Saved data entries
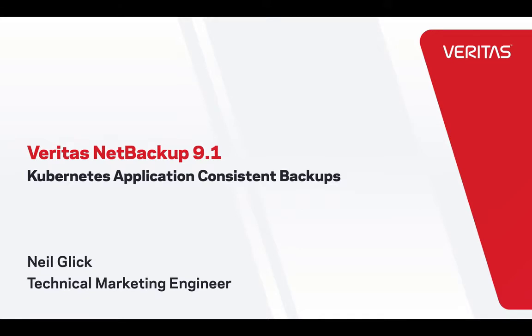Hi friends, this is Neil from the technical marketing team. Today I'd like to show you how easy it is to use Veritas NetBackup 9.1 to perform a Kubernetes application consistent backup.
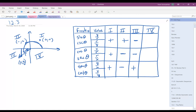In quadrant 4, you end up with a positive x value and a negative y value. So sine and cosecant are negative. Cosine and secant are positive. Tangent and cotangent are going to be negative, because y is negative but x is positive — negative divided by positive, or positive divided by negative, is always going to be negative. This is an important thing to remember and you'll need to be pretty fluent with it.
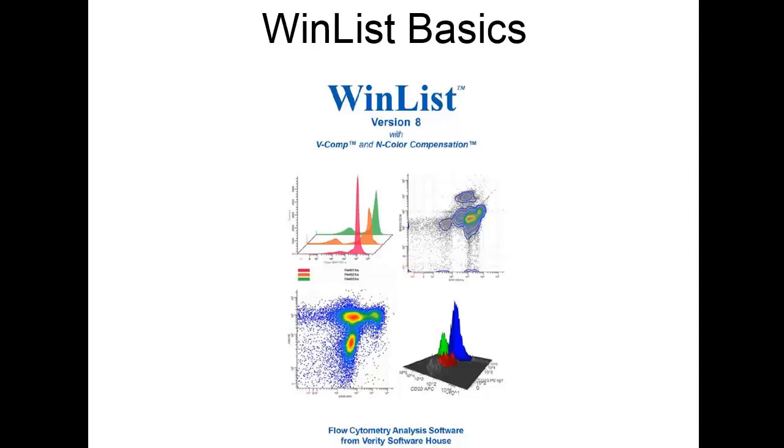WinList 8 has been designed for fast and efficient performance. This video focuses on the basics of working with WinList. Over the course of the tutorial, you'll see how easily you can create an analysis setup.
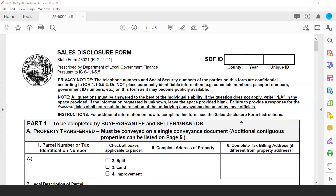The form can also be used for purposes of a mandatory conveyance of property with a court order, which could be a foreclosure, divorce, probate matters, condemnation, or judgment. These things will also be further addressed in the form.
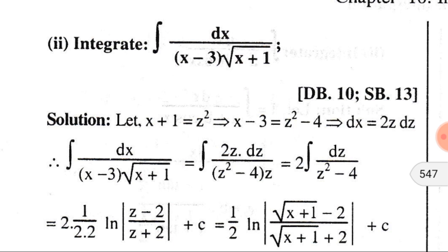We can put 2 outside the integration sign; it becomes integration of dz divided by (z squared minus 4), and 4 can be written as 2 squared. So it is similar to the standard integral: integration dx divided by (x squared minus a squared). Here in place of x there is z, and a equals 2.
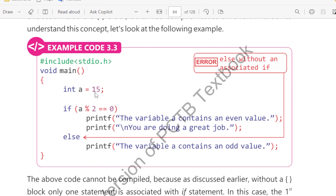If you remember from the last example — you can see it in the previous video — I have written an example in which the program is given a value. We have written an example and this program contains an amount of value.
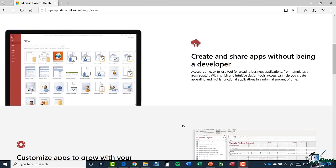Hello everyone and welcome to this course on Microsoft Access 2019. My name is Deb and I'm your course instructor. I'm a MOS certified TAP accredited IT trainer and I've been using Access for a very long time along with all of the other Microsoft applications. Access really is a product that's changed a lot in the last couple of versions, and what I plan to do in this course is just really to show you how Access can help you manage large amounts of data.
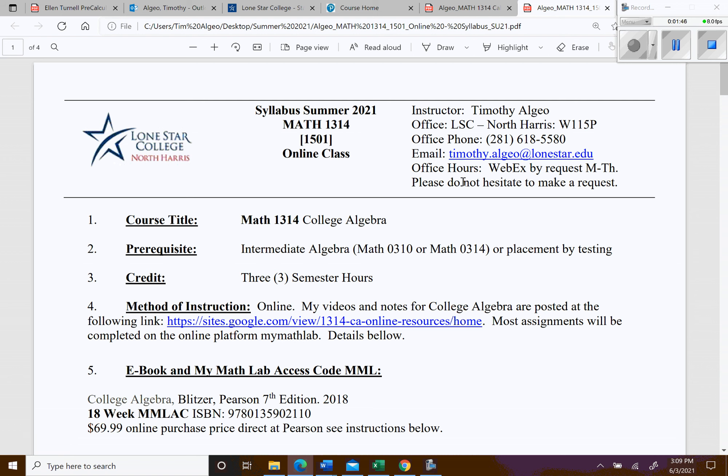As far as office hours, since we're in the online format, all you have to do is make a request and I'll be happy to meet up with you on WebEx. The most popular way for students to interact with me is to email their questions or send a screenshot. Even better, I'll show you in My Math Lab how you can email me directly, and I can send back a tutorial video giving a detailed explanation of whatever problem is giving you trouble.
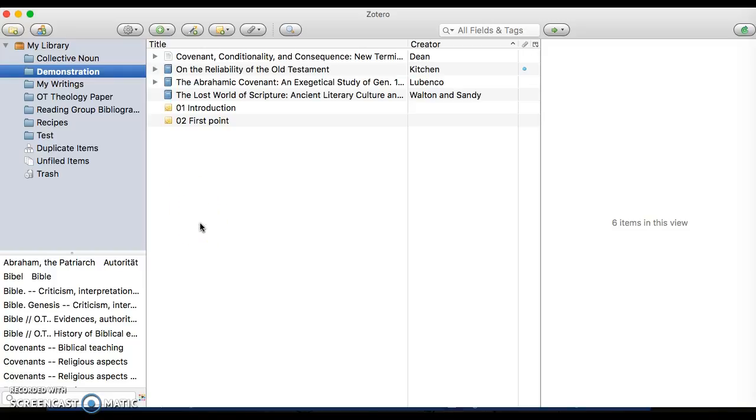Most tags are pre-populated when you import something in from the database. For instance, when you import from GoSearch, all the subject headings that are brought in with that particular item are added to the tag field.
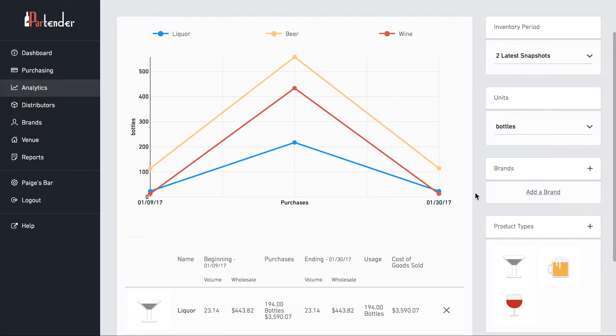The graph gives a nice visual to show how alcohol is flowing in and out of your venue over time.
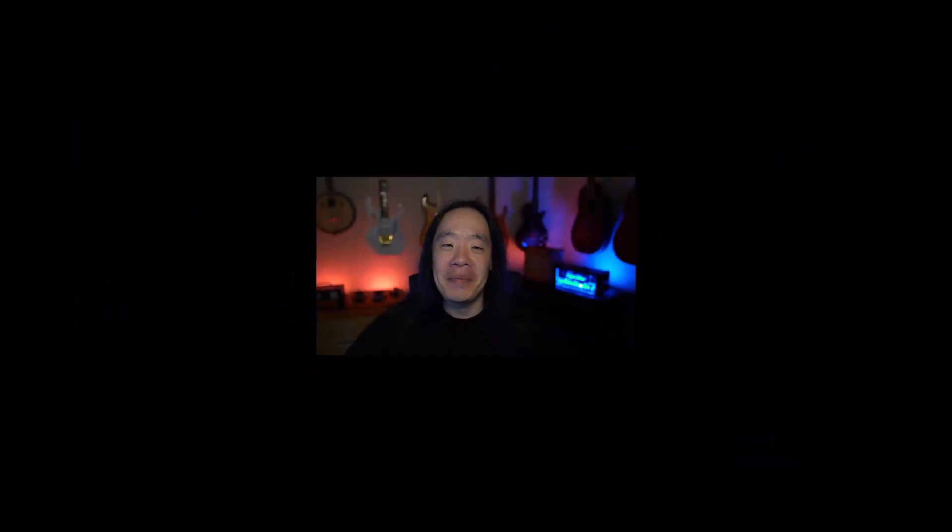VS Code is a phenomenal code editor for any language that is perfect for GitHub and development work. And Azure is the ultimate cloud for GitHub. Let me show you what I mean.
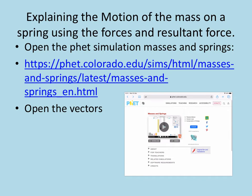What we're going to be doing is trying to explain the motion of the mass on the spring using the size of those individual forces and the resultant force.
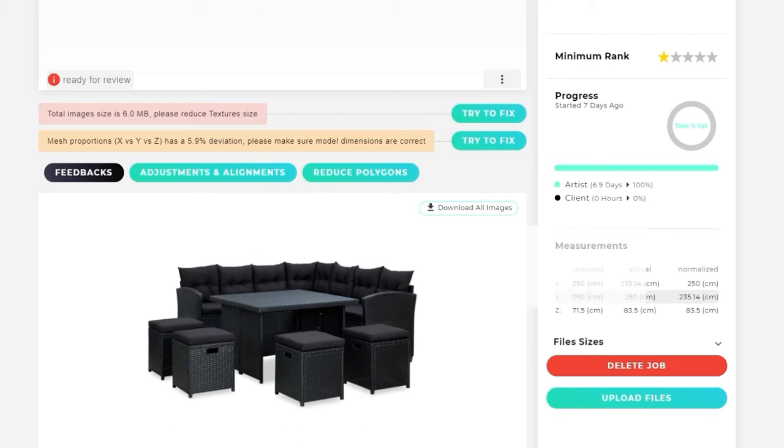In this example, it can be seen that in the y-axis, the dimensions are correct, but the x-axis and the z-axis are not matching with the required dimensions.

...

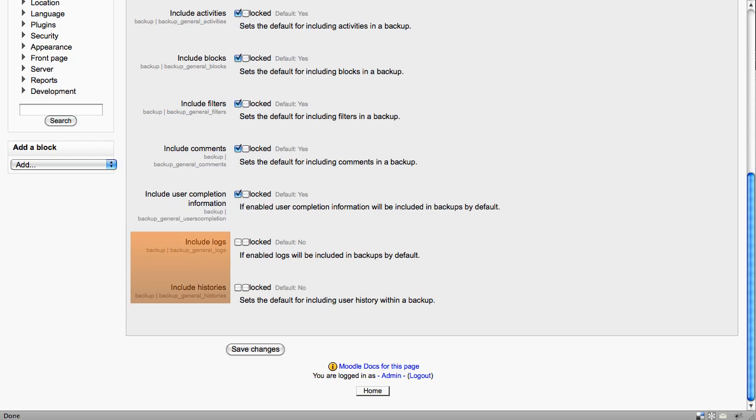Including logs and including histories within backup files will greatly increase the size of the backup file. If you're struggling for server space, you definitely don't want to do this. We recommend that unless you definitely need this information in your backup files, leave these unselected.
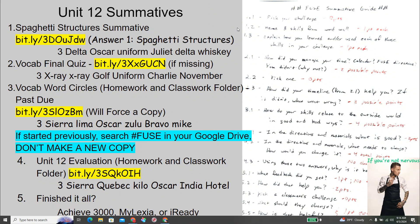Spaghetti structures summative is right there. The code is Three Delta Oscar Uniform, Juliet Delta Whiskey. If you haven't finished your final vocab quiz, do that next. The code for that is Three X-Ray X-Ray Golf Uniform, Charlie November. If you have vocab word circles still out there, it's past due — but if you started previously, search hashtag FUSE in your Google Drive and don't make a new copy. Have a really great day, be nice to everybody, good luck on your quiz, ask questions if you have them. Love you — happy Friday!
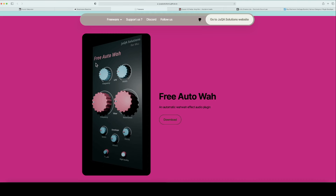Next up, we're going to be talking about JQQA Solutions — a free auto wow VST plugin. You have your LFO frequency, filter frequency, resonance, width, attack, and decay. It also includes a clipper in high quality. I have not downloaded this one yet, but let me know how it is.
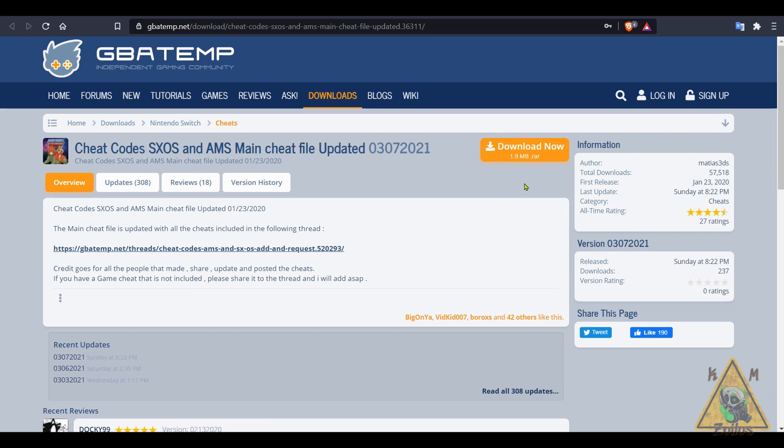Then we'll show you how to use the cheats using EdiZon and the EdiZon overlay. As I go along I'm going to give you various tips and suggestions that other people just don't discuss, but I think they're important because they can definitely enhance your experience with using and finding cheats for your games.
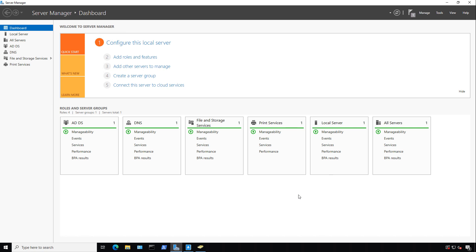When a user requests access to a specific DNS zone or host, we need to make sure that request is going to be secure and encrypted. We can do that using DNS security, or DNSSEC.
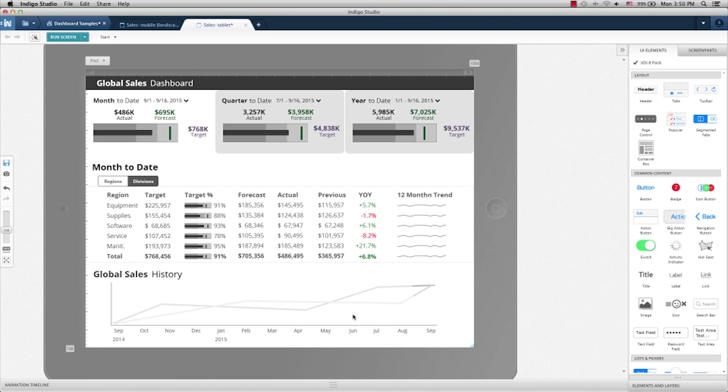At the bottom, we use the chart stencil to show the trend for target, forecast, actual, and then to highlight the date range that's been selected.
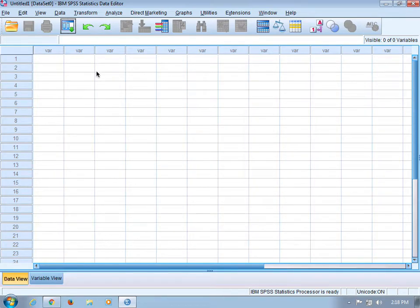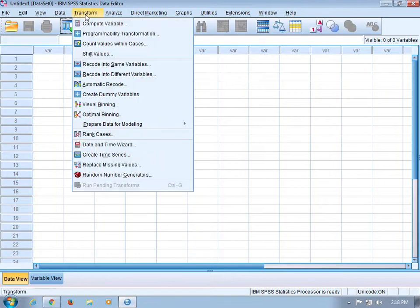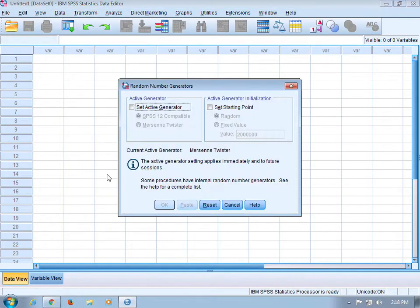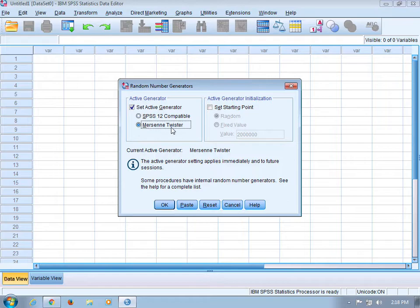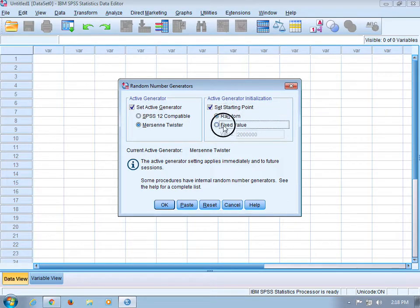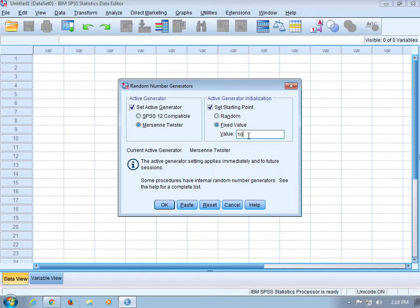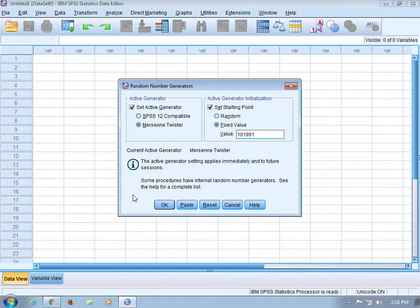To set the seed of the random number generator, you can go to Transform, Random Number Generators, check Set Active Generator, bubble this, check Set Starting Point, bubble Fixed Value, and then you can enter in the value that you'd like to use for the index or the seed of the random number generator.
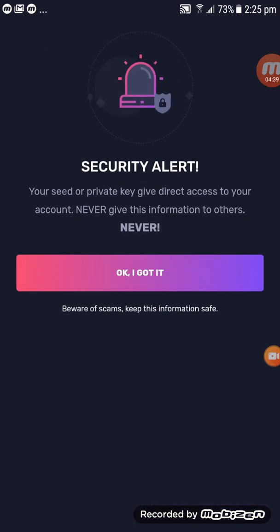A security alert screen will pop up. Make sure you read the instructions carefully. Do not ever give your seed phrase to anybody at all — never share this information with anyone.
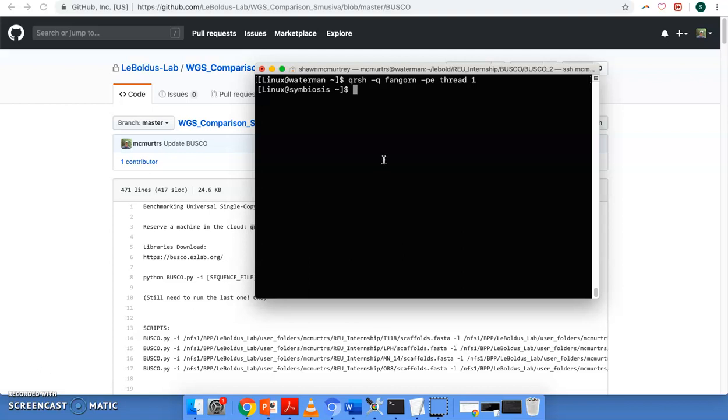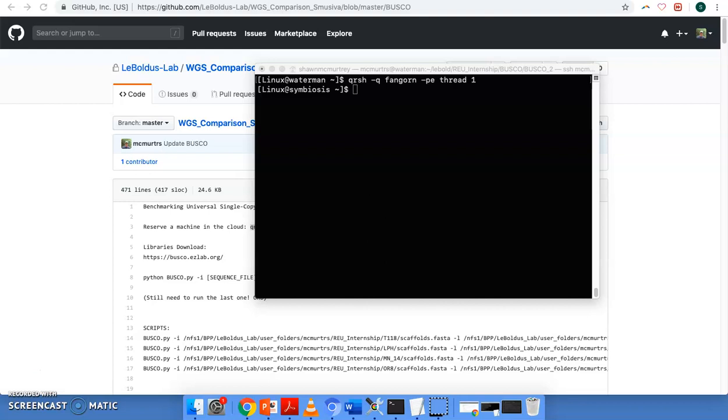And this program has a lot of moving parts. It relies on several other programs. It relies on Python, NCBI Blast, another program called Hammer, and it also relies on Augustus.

> _TASK TO CARRY OUT_
Your answer must be the lines above from the one holding "A security alert" up to and including the one holding "And this program has", exact and with no pictures.

> _SOLVED PROBLEM_
A security alert screen will pop up. Make sure you read the instructions carefully. Do not ever give your seed phrase to anybody at all — never share this information with anyone.
And this program has a lot of moving parts. It relies on several other programs. It relies on Python, NCBI Blast, another program called Hammer, and it also relies on Augustus.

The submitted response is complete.